§ **ASSIGNMENT**:
Please make an exact transcription of all the data that follows.

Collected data
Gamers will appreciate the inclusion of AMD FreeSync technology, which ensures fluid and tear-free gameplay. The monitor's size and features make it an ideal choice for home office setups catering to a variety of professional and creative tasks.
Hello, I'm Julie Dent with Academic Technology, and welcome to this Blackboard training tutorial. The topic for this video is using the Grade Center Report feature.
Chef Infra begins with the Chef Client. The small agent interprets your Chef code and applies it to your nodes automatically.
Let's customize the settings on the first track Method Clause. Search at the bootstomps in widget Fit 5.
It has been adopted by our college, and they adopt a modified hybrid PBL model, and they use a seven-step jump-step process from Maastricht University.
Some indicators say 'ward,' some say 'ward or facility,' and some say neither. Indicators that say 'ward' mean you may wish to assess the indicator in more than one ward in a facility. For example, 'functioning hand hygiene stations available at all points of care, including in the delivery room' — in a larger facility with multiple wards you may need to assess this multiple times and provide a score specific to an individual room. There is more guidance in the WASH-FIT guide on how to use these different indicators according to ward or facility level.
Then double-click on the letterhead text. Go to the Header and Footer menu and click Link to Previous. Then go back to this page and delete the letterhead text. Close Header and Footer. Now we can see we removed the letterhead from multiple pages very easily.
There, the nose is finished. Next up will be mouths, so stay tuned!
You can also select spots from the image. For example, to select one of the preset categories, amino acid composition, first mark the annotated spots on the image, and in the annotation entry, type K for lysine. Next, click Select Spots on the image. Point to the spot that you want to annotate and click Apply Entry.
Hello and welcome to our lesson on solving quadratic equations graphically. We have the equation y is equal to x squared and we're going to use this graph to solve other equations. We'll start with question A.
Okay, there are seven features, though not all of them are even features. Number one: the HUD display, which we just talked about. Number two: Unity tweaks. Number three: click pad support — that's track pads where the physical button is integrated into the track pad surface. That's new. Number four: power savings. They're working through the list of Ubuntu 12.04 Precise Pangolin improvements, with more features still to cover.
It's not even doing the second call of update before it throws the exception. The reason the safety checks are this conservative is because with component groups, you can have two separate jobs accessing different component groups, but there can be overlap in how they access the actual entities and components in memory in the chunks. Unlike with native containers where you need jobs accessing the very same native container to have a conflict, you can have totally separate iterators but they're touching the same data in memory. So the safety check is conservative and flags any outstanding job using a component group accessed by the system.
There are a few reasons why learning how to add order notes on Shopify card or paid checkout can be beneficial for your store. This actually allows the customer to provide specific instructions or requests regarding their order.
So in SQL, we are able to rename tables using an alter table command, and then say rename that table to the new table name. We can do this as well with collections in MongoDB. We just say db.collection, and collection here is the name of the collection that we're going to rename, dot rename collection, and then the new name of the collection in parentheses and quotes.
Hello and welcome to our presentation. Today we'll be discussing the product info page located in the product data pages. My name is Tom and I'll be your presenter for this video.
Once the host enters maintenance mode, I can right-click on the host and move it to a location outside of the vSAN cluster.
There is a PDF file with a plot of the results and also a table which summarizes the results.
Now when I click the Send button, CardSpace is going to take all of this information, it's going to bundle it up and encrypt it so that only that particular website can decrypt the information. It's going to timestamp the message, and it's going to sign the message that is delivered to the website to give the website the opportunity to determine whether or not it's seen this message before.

§ **SOLUTION TO THE EXERCISE**:
Gamers will appreciate the inclusion of AMD FreeSync technology, which ensures fluid and tear-free gameplay. The monitor's size and features make it an ideal choice for home office setups catering to a variety of professional and creative tasks.
Hello, I'm Julie Dent with Academic Technology, and welcome to this Blackboard training tutorial. The topic for this video is using the Grade Center Report feature.
Chef Infra begins with the Chef Client. The small agent interprets your Chef code and applies it to your nodes automatically.
Let's customize the settings on the first track Method Clause. Search at the bootstomps in widget Fit 5.
It has been adopted by our college, and they adopt a modified hybrid PBL model, and they use a seven-step jump-step process from Maastricht University.
Some indicators say 'ward,' some say 'ward or facility,' and some say neither. Indicators that say 'ward' mean you may wish to assess the indicator in more than one ward in a facility. For example, 'functioning hand hygiene stations available at all points of care, including in the delivery room' — in a larger facility with multiple wards you may need to assess this multiple times and provide a score specific to an individual room. There is more guidance in the WASH-FIT guide on how to use these different indicators according to ward or facility level.
Then double-click on the letterhead text. Go to the Header and Footer menu and click Link to Previous. Then go back to this page and delete the letterhead text. Close Header and Footer. Now we can see we removed the letterhead from multiple pages very easily.
There, the nose is finished. Next up will be mouths, so stay tuned!
You can also select spots from the image. For example, to select one of the preset categories, amino acid composition, first mark the annotated spots on the image, and in the annotation entry, type K for lysine. Next, click Select Spots on the image. Point to the spot that you want to annotate and click Apply Entry.
Hello and welcome to our lesson on solving quadratic equations graphically. We have the equation y is equal to x squared and we're going to use this graph to solve other equations. We'll start with question A.
Okay, there are seven features, though not all of them are even features. Number one: the HUD display, which we just talked about. Number two: Unity tweaks. Number three: click pad support — that's track pads where the physical button is integrated into the track pad surface. That's new. Number four: power savings. They're working through the list of Ubuntu 12.04 Precise Pangolin improvements, with more features still to cover.
It's not even doing the second call of update before it throws the exception. The reason the safety checks are this conservative is because with component groups, you can have two separate jobs accessing different component groups, but there can be overlap in how they access the actual entities and components in memory in the chunks. Unlike with native containers where you need jobs accessing the very same native container to have a conflict, you can have totally separate iterators but they're touching the same data in memory. So the safety check is conservative and flags any outstanding job using a component group accessed by the system.
There are a few reasons why learning how to add order notes on Shopify card or paid checkout can be beneficial for your store. This actually allows the customer to provide specific instructions or requests regarding their order.
So in SQL, we are able to rename tables using an alter table command, and then say rename that table to the new table name. We can do this as well with collections in MongoDB. We just say db.collection, and collection here is the name of the collection that we're going to rename, dot rename collection, and then the new name of the collection in parentheses and quotes.
Hello and welcome to our presentation. Today we'll be discussing the product info page located in the product data pages. My name is Tom and I'll be your presenter for this video.
Once the host enters maintenance mode, I can right-click on the host and move it to a location outside of the vSAN cluster.
There is a PDF file with a plot of the results and also a table which summarizes the results.
Now when I click the Send button, CardSpace is going to take all of this information, it's going to bundle it up and encrypt it so that only that particular website can decrypt the information. It's going to timestamp the message, and it's going to sign the message that is delivered to the website to give the website the opportunity to determine whether or not it's seen this message before.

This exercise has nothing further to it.